Assignment >> From the top of the entries below through the line containing "Ketua PKK Kota", return every line exactly as written, please, and stop there.

[Caption-style text data]
• • • •

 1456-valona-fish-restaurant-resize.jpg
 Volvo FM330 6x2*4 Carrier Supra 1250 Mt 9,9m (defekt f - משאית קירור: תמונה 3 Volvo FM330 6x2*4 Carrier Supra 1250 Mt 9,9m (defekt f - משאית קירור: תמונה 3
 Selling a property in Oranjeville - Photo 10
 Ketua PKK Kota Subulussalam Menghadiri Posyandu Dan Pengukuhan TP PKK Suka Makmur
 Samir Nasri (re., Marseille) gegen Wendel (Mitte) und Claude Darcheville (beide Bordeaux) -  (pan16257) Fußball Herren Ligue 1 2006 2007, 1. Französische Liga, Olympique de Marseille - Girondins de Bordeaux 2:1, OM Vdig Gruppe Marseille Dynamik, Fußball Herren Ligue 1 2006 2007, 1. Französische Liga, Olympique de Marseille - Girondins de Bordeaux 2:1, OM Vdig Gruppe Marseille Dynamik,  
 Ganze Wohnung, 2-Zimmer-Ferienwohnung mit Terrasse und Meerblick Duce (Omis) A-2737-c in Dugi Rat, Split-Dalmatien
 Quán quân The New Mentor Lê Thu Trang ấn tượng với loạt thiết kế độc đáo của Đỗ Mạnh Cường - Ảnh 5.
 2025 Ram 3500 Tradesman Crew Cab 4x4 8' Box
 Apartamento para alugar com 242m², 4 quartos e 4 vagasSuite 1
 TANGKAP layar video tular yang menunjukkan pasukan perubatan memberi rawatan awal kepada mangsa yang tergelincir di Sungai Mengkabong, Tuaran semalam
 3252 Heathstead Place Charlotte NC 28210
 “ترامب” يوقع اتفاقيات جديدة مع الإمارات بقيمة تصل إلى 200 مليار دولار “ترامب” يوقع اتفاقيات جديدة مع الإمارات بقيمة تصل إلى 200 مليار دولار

• • • •

The completed task >>
 1456-valona-fish-restaurant-resize.jpg
 Volvo FM330 6x2*4 Carrier Supra 1250 Mt 9,9m (defekt f - משאית קירור: תמונה 3 Volvo FM330 6x2*4 Carrier Supra 1250 Mt 9,9m (defekt f - משאית קירור: תמונה 3
 Selling a property in Oranjeville - Photo 10
 Ketua PKK Kota Subulussalam Menghadiri Posyandu Dan Pengukuhan TP PKK Suka Makmur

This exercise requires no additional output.